Optional callback (or list of callbacks) to track ETL progress or logs.

None

Returns:

Type Description
pl.DataFrame

Polars DataFrame containing the results of the load, with a success column indicating whether each record was successfully processed.

Raises:

Type Description
Exception

If die_on_error is True and any record fails, or if an invalid action is passed.

ping

Checks if the Dataverse connection is active by making a simple WhoAmI request.

Returns:

Type Description
bool

True if the request succeeds, False otherwise.

pk

Retrieves the primary key field name for the specified Dataverse entity.

Parameters:

Name Type Description Default
module str

Name of the Dataverse entity.

None

Returns:

Type Description
str

Name of the primary key field.

read

Reads records from a Dataverse entity, applies optional filters, and returns a Polars DataFrame.

Handles field mapping, lookup fields, pagination, and optional progress callbacks.

Parameters:

Name Type Description Default
module str

Name of the Dataverse entity to read from.

required
filters list

Optional list of OData filter strings (e.g., ["field eq 'value'"]).

None
fields list

Optional list of fields to select. If omitted, all fields are retrieved.

None
order_by str

Field to order the results by. Default is "id".

'id'
limit int

Optional maximum number of records to fetch.

None
n_rows_read int

Optional batch size for reading rows.

None
n_concurrent int

Optional number of concurrent requests.

None
callback callable

Optional callback (or list of callbacks) for logging progress or ETL status.

None

Returns:

Type Description
pl.DataFrame

Polars DataFrame containing the requested records.

Raises:

Type Description
Exception

Propagates exceptions if the request or processing fails.

request

Sends an HTTP request to the Dataverse API using the parent REST client.

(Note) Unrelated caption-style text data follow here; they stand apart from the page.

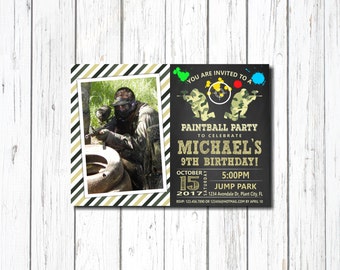 Paintball Birthday Invitation, Paintball Invitation, Paintball Party Invitation, Paintball, 10th BIRTHDAY, Paintball Birthday, with photo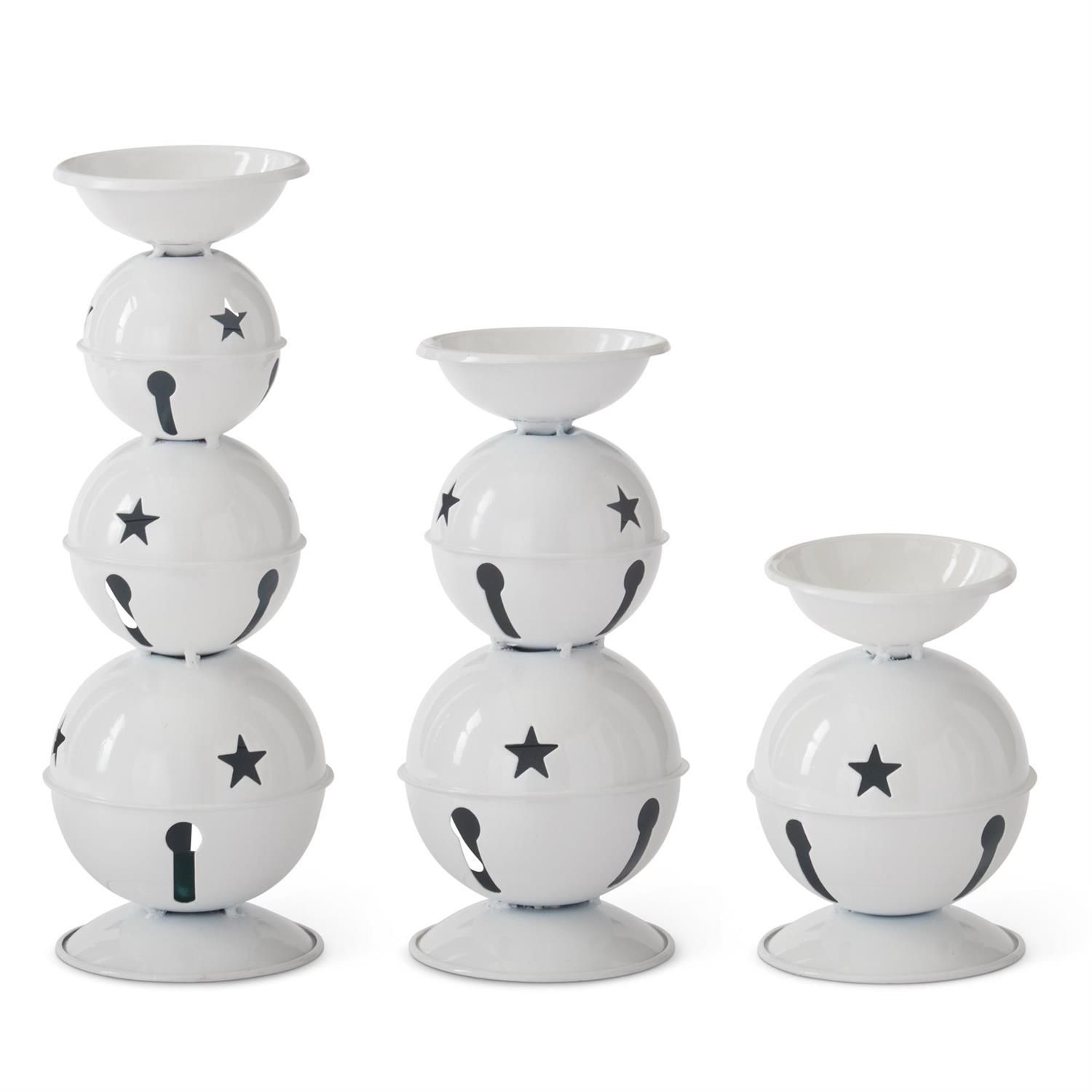 Set of 3 Metal Jingle Bell Pillar Candleholders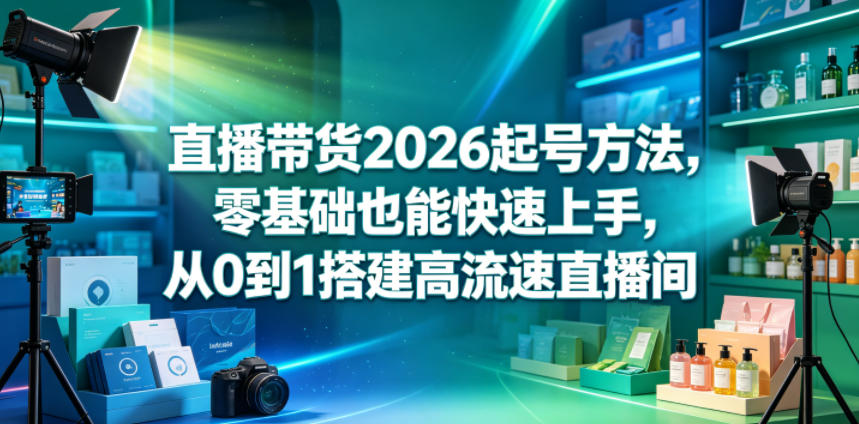 直播带货2026起号方法，零基础也能快速上手，从0到1搭建高流速直播间-hl998
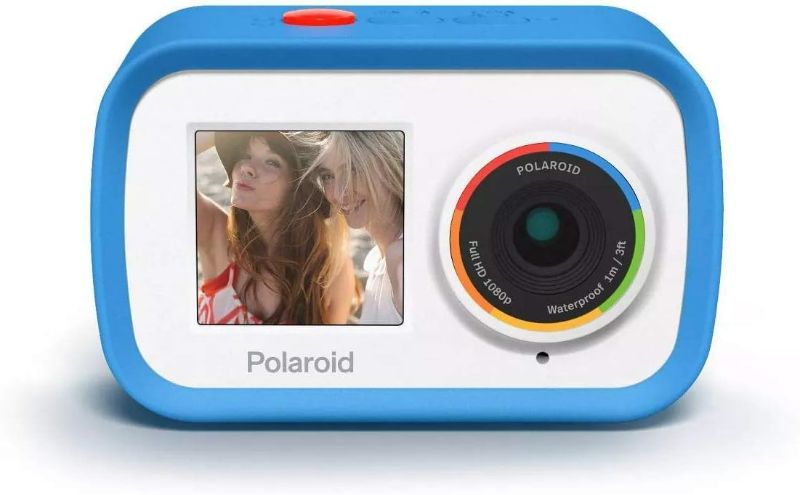 Photo 1 of Polaroid Dual Screen WiFi Action Camera 4K 18mp, Waterproof Sports Polaroid Camera with Built in Rechargeable Battery and Mounting Accessories for Vlogging, Sports, Traveling, Home Videos Blue (Dual Screen 4K) OPEN BOX. CONDITION SOLD AS IS, UNTESTED.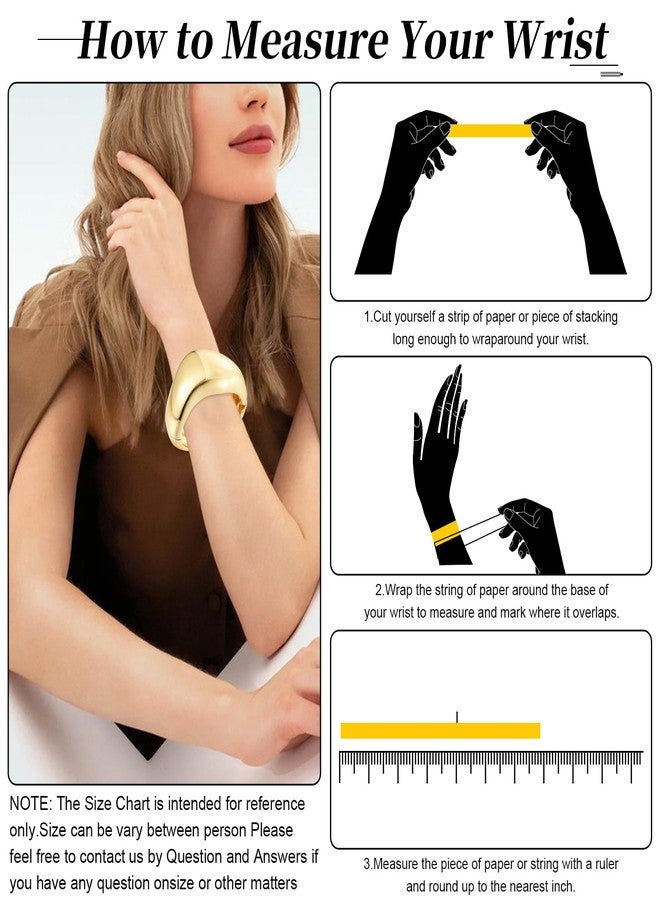 أساور YMBYCM عريضة مطلية بالذهب للنساء، أساور عريضة عصرية، أساور معصم مطروقة غير منتظمة الشكل. - Image 3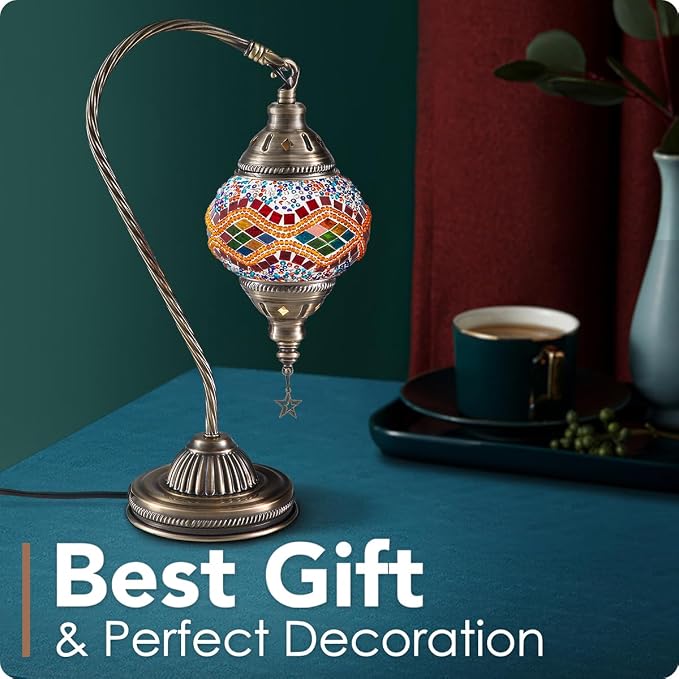 Yarra-Decor Turkish Moroccan Lamp with Bronze Base 3 Color Options Handmade Swan Neck Mosaic Glass Bedside Lamps for Bedroom (LED Bulb Included)(Orange2)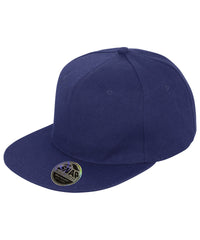 Resultheadwear Bronx Original Flat Peak Snapback Cap - Navy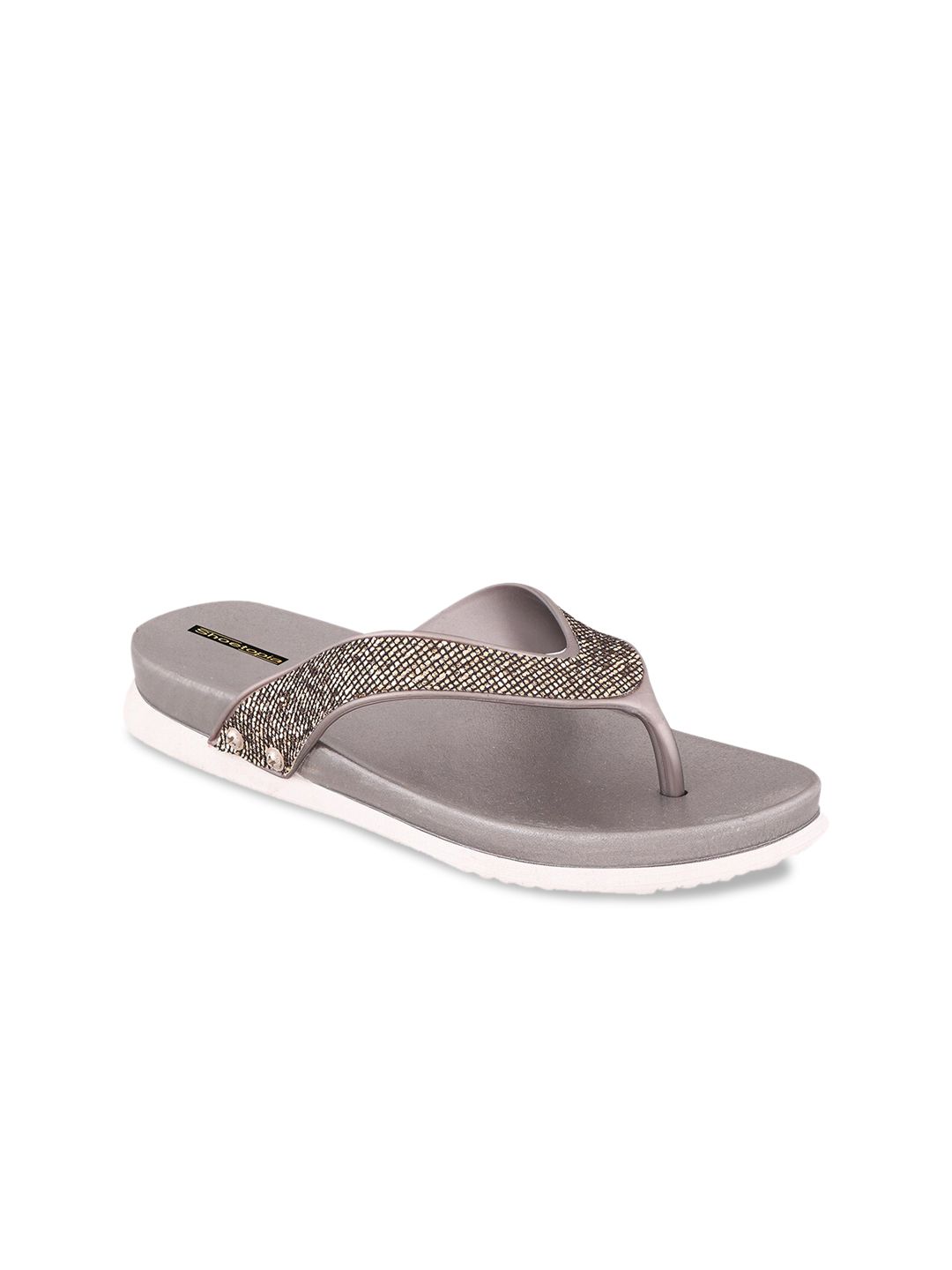 Shoetopia Women Grey & Gold-Coloured Embellished Thong Flip-Flops Price in India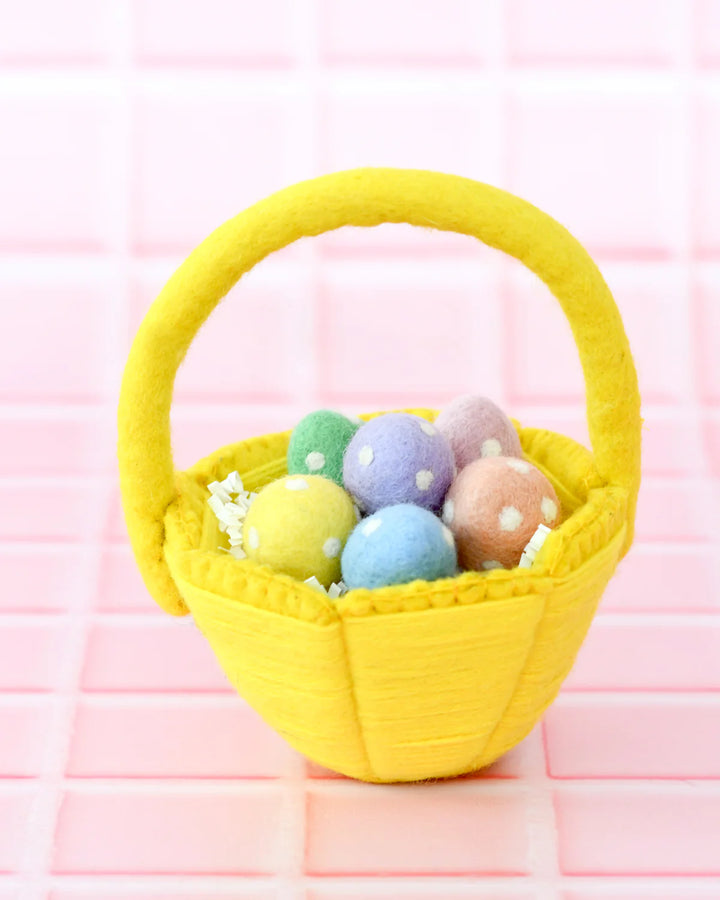 Sale Petite Yellow Felt Easter Basket
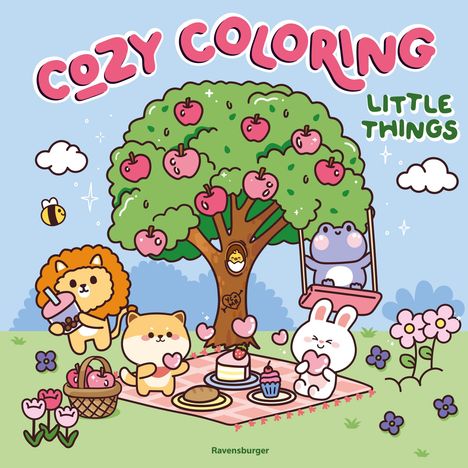 „COZY COLORING LITTLE THINGS“ ist in bunten Buchstaben zu sehen. Niedliche Tiere machen ein Picknick unter einem Apfelbaum.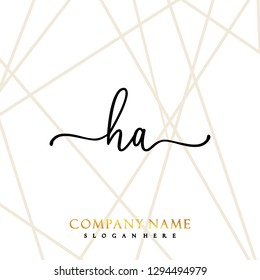 HA Initial Handwriting logo template vector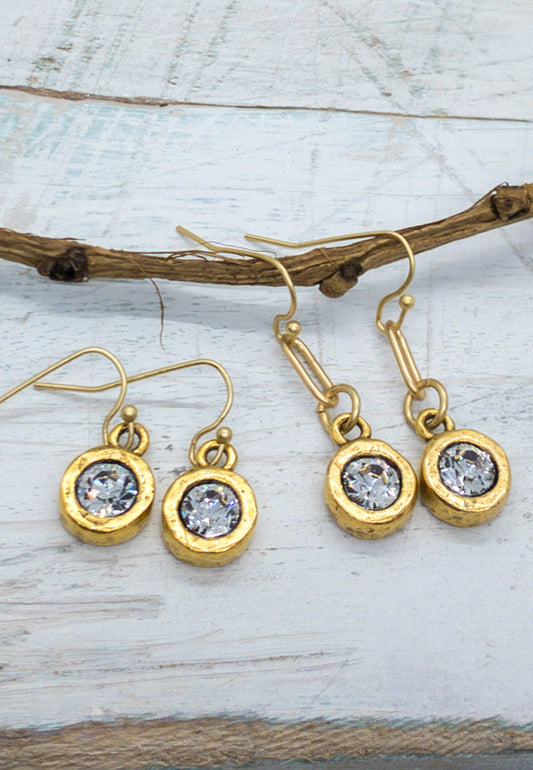 Kitzi Gold Crystal Pendant Small Drop Earrings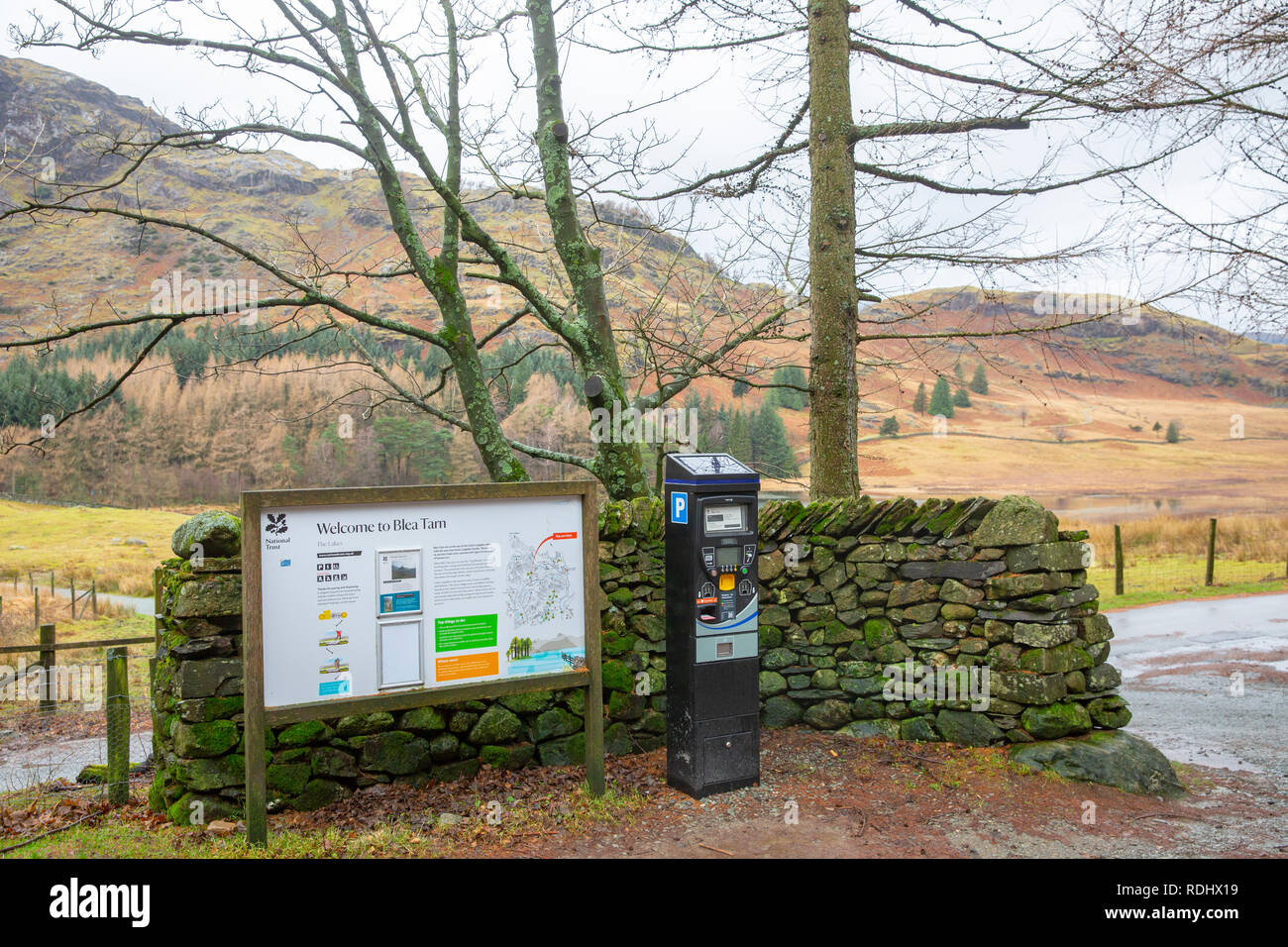Car park and parking meter at Blea Tarn in the Lake District,Cumbria,England Stock Photo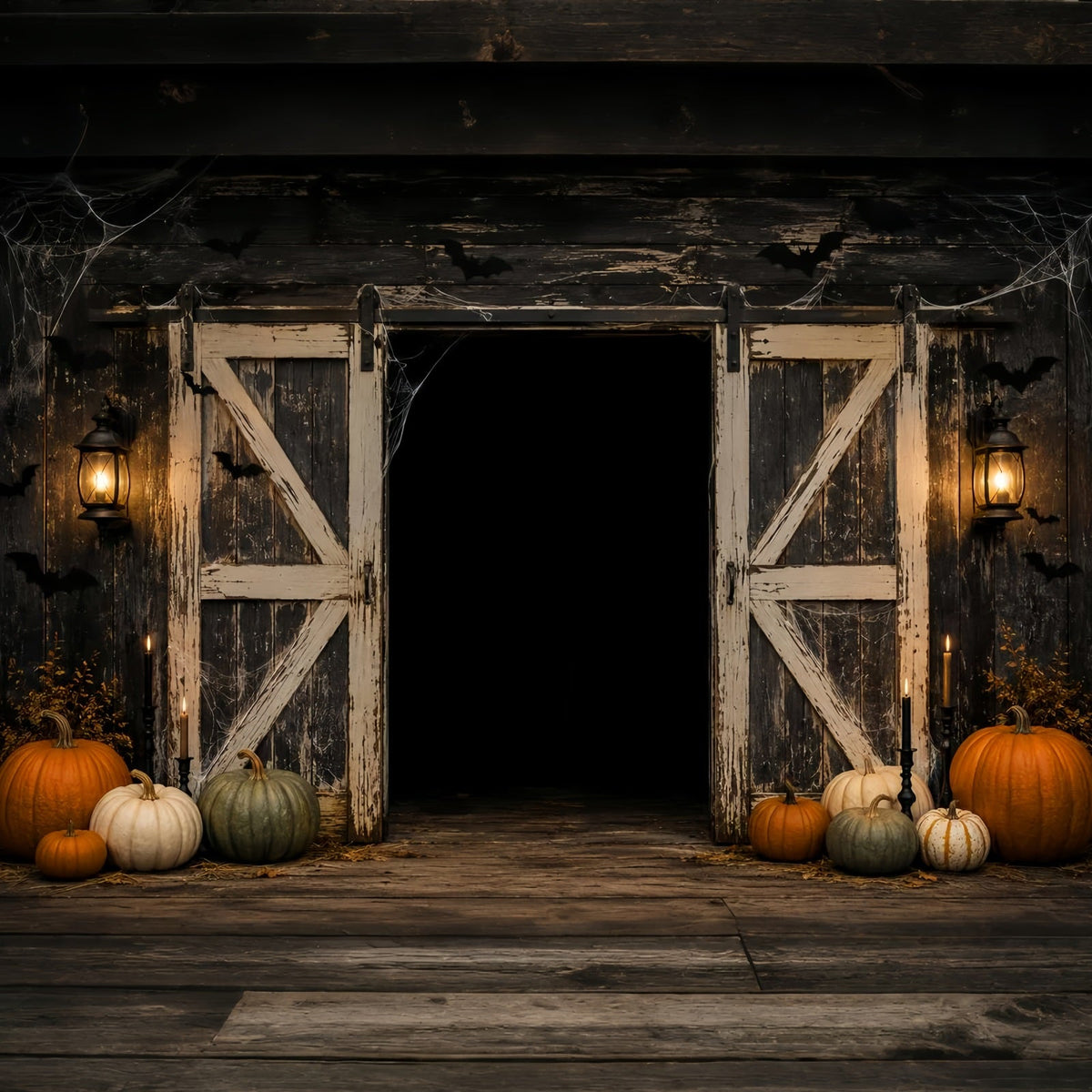 Décor De Grange Rustique Avec Citrouilles Pour Halloween LXX67-155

Raises exceptions for failed requests and attempts to parse JSON responses.

Parameters:

Name Type Description Default
method str

HTTP method (GET, POST, PATCH, DELETE, etc.).

required
path str

API endpoint path relative to the base URL.

required
headers dict

Optional HTTP headers.

None

Returns:

Type Description
dict, list, | requests.Response

Parsed JSON response or original response object if parsing fails.